The bigger argument about drugs decriminalisation kicks in here – but we seem very far away from a proper public discussion about that in Scotland. We might have got some direct confession of youthful joint-smoking from the Scottish political leaders in the last General Election campaign – with Mr Murphy, competitive as ever, mentioning sniffed glue.

However, that seems a narrow beachhead from which to launch a dispassionate, science-based assessment of the effect of specific drugs; the need to bring their economy into the light; and a wiser acceptance of our evolved appetite for euphoria. All things in moderation (with no false distinctions between, say, alcohol, caffeine, nicotine and other psychoactive substances) is still the hardest slogan to get on a party conference platform.

But The Arches has a second answer to the question of how we can satisfyingly answer the call for thrills – and that is through art. Much of the outrage at the prospect of the venue’s closure comes from artists – everyone from the national Makar, Liz Lochhead, through major Glasgow bands such as Mogwai, Belle and Sebastian and Franz Ferdinand, to visual artists such as Jim Lambie, not to mention most of the country’s best theatre directors.

They all see a direct and two-way transmission of power and influence between the heaving dancefloors, and the avant-garde artists who often comprise the rest of the venue’s programme.
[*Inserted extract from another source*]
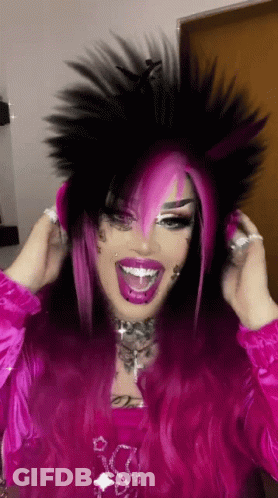 Woman Making Funny Face And Finger To Ear GIF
Al Seed, a one-time artist in residence there, captured their mood best in a recent blog.

“The Arches’ clubber is, in fact, a lynchpin that supports a deeply rooted infrastructure of liberal, creative thinking at the venue that is as baffling to them as Techno, and therefore as troubling”, writes Seed. “Could it be the very fact that The Arches embodies clubbing as a valuable component of practical social dynamism that has made it a target?”

We know we can do communitarianism in Scotland: two electoral systems have crumbled in the face of an extremely strong will among Scots that they should have the powers appropriate to their collective ambition. But we also need to be able to do liberal Scotland as well – and not just the easy stuff like gay marriage.

If The Arches falls – and on the basis of a poor official understanding of how to reconcile our hedonistic urges with a stable society – it’s not good news, for all of us.